Modernity is from Mars, and postmodernity from Venus. Alternatively martial and martian, the modern discipline has worshipped rigor and the future, building a mental landscape where ornament is a crime against efficacy and progress. Venereal or venusian for its part, postmodern complacency has replaced the norm with sensuality and mystery, manufacturing emotional objects all made up for seduction and magic. In the present time of the world, this overbearing and masculine modernity seems as stubborn and risky as the war strategists of the White House, more inclined to subdue by force than to convince by charm. But when the hierarchies crack under the subterranean clash of desires in conflict, only the feminine weapons of a persuasive postmodernity can mediate in the suicidal struggles of an untamed planet. The fiction of ornament so appears as an ambiguous apparel that wears away the edges of relentless identities.

Ornament plays a role that is not very different from that of hypocrisy or diplomatic protocol, urbanity or precaution in social intercourse, the cosmetics or the theater of encounter. Dissolving geometric force with rhythmic or conventional patterns, alleviating the offensive bareness of surfaces with textures and tremors, and illuminating the rigorist grisaille or the expeditive white with a chromatic tempest, architecture conceals its rough frankness, softens its rotund profile with a carnival dress, and finds in the gift of inebriation the kind tolerance with the truth of the other. This transit from a demanding Apollo to an exalted Dionysus is a risky path, forcing the architect to sin against reductive taste and to break the rules of stylistic anorexia; but it is also a road to sensory freedom which allows to move from intelligence to emotion, from abstract order to figurative fascination, from Doric modernity to Corinthian postmodernity.

It will be said that ornament is accessory, and this cannot be denied; but in the libidinal economy nothing is more essential than the superfluous. It will be said that ornament is superficial, and again this will have to be admitted; but in the geography of seduction nothing is deeper than the skin. And it will be said that ornament is ephemeral, and one more time this will need to be acknowledged; but in the history of perception nothing lasts longer than fleeting motifs, tenacious inhabitants of circular time.
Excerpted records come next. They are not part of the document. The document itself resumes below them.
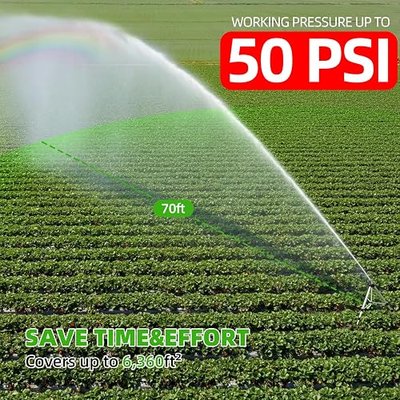 SPECILITE Brass Impact Tripod Sprinkler for Yard Lawn Garden Irrigation | Heavy Duty Metal Telescoping, Pulsating, 360° Rotation, Sprays Up to 70ft, Covers 5660sqft, Stable & Durable, Easy Setup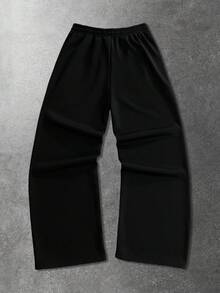 ROMWE MEN Goth Men's Street Fashion Printed Drawstring Pocket Sweatpants - Black - View 3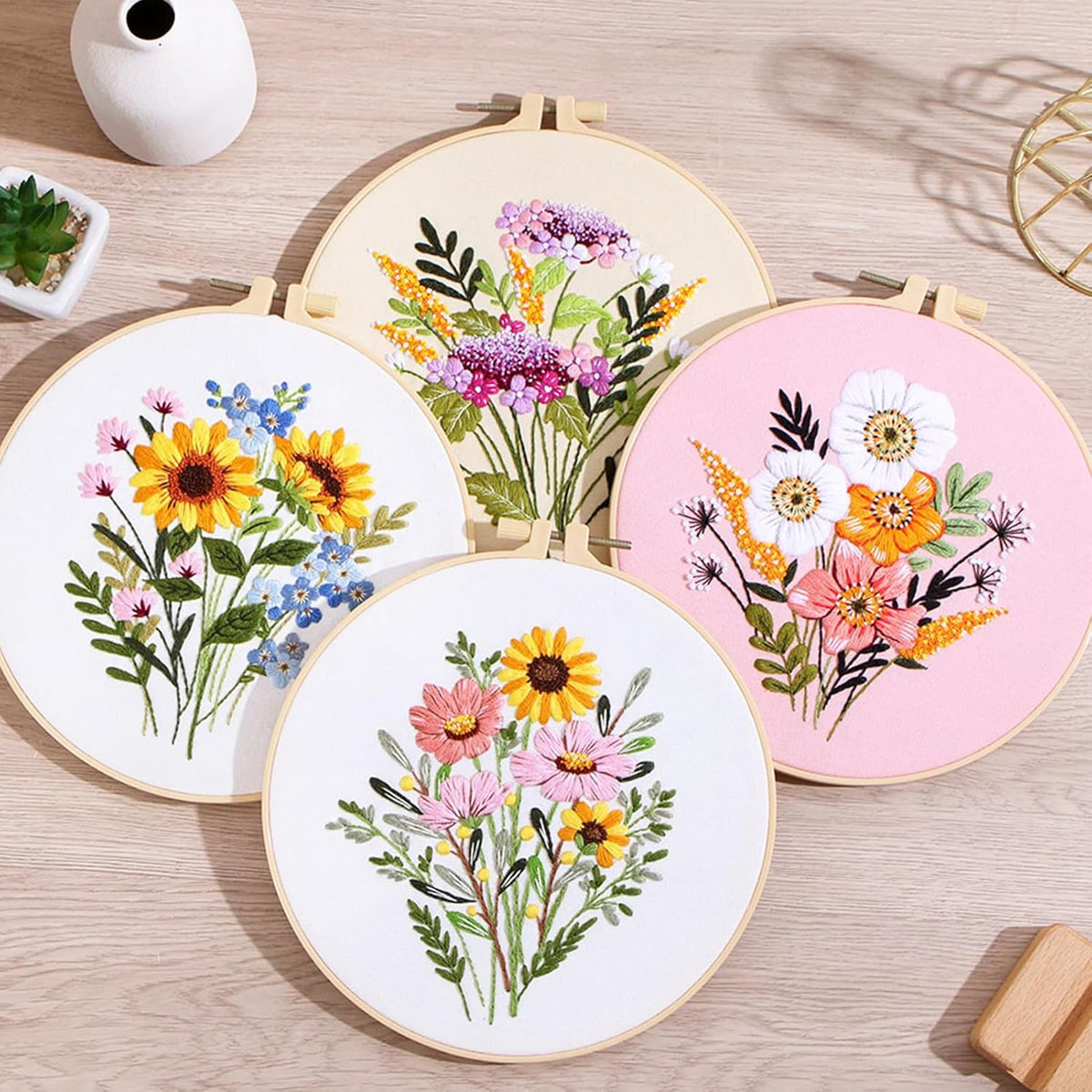 Purilite Select 3-Sets Flower Embroidery Kit - PuriLite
The ‘degenerate architecture’ of ornament needs not apologize for its guilty beauty; that entartete Bau is not a crime, but a disorder: a figure embarrassedly attired for minimalist moderation, but ‘dressed to kill’ in a feminine way, combining suggestiveness and attraction; on the opposite end to the masculine dressed to kill, unfortunately too literal in those expeditionary troops to the Gulf that these days colonize screens and gazes, and before which our mild ornamental disorders fade away.